Chez les Schtroumpfs, il n'y a qu'un chef et l'argent ne circule pas. Communistes les lutins bleus ? Voire nazis ? C'est une des thèses que développe Antoine Buéno dans son Petit livre bleu. Une affirmation provocatrice à prendre avec humour...
Depuis tout môme, le village schtroumpf me laisse perplexe. « Comment c'est possible qu'il n'y ait qu'une fille pour 100 garçons ? Pourquoi il n'y a qu'un seul vieux ? A quoi ça leur sert le barrage qu'ils reconstruisent tout le temps ? Pourquoi il est comme ça le Schtroumpf à lunettes ? », et autres réflexions de récré.
De fait, la société schtroumpfe est une véritable énigme socio-politique. Une énigme à laquelle s'est attelé avec cocasserie et un brin de mauvaise foi le politologue Antoine Buéno dans son Petit livre bleu, sous-titré analyse critique et politique de la société des Schtroumpfs. Son hypothèse : les lutins bleus vivent dans une utopie totalitaire tout à la fois stalinienne et nationale-socialiste, rien que ça.
Communistes, les Schtroumpfs ?
Pourtant, quelques faits ne peuvent être passés sous silence. Les Schtroumpfs vivent littéralement en utopie. Leur village est absolument introuvable et leurs contacts avec l'extérieur presque inexistants. C'est une stricte autarcie. Le village schtroumpf est un lieu comparable à l'Eden, le paradis originel sans passé et immuable, structurellement parfait.
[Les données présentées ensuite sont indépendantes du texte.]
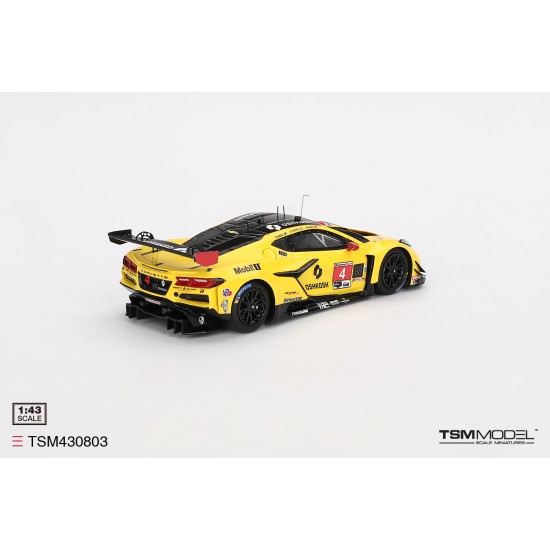 1/43 CHEVROLET CORVETTE Z06 GT3.R NO4 CORVETTE RACING BY PRATT MILLER MOTORSPORTS 2024 IMSA DAYTONA 24 HRS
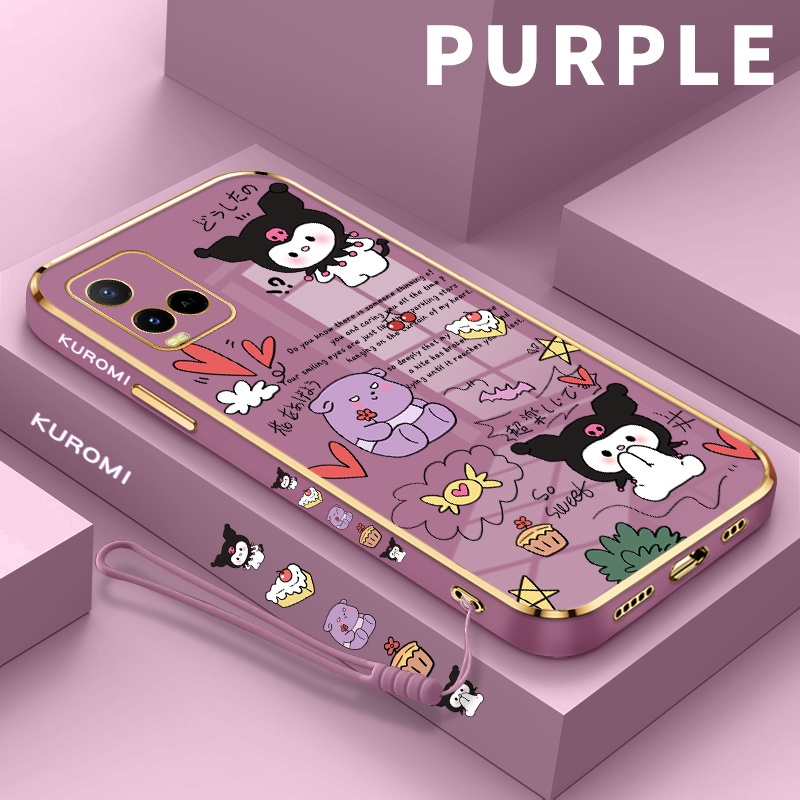 Gold Plating Case hp Casing For Vivo Y33s 4G 5G Y33t case Y33 Y33e vivi For VivoY33s For VivoY33t vo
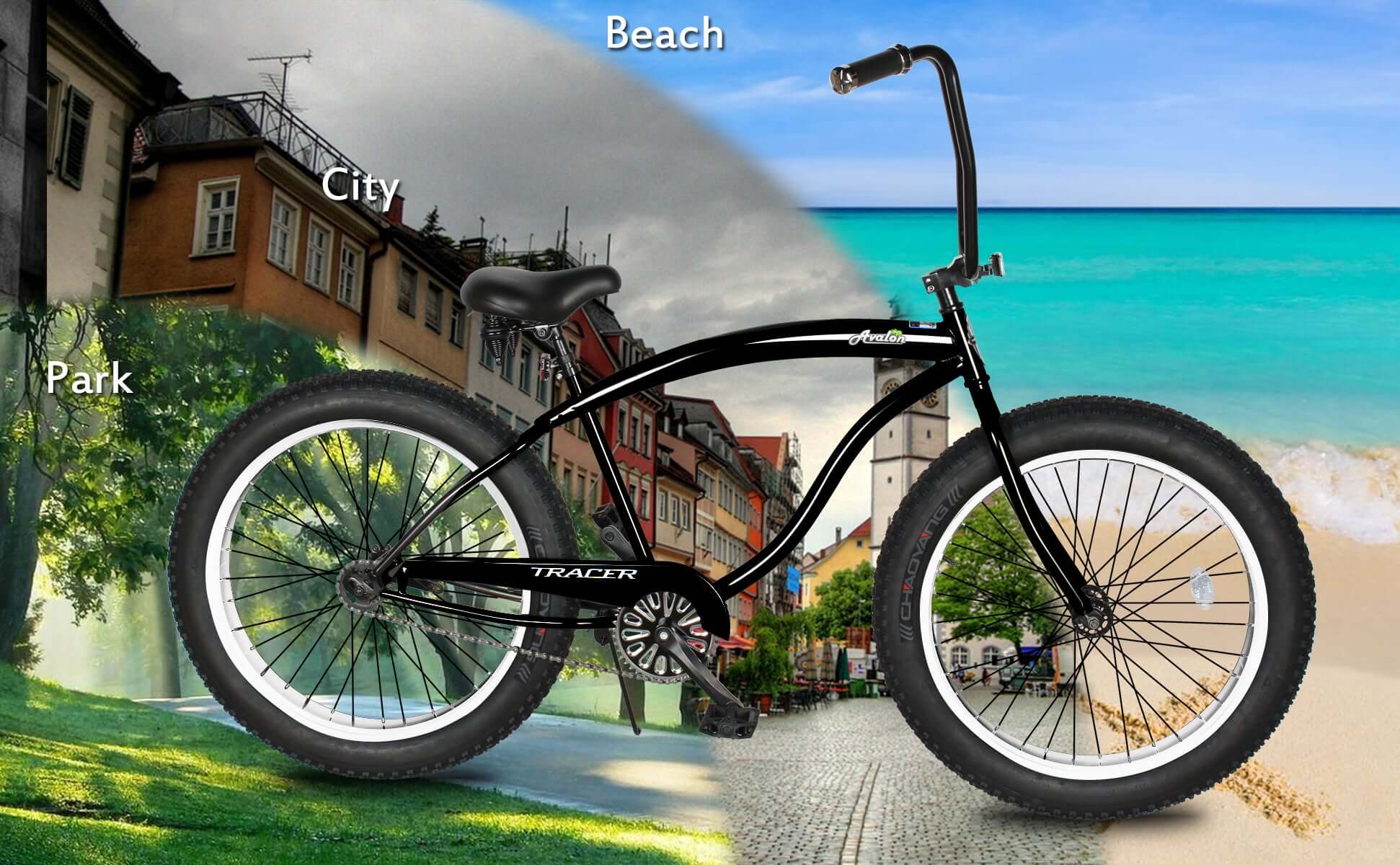 26 Lowrider Bicycle Lowrider Bike Men's Stretch Beach Cruiser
A la tête de cette communauté, un seul chef - le grand Schtroumpf - assume seul la figure paternaliste du leader sage et savant. Sous son gouvernement, une centaine de farfadets hauts comme trois pommes vaquent à leurs occupations, le plus souvent plongés dans un bonheur candide. Lorsque l'aventure démarre, le déclencheur est presque toujours le même : une rupture du contrat social utopique.
Et pourquoi pas. Ici, on obéit aveuglément au Grand Schtroumpf, petit père du peuple. La collectivité, voire le travail obligatoire, est systématiquement valorisée (bon sang, mais à quoi sert ce barrage ?). Les possessions privées sont rares et on méprise l'argent ; l'accumulation capitaliste est étrangère à l'ADN schtroumpf. Par exemple, lorsque le Schtroumpf bricoleur invente une machine à fabriquer de l'or à partir de noisettes, un de ses congénères lui demande ce qu'il va faire de cet or. Réponse : à acheter des sacs de noisettes.
Nazis, les Schtroumpfs ?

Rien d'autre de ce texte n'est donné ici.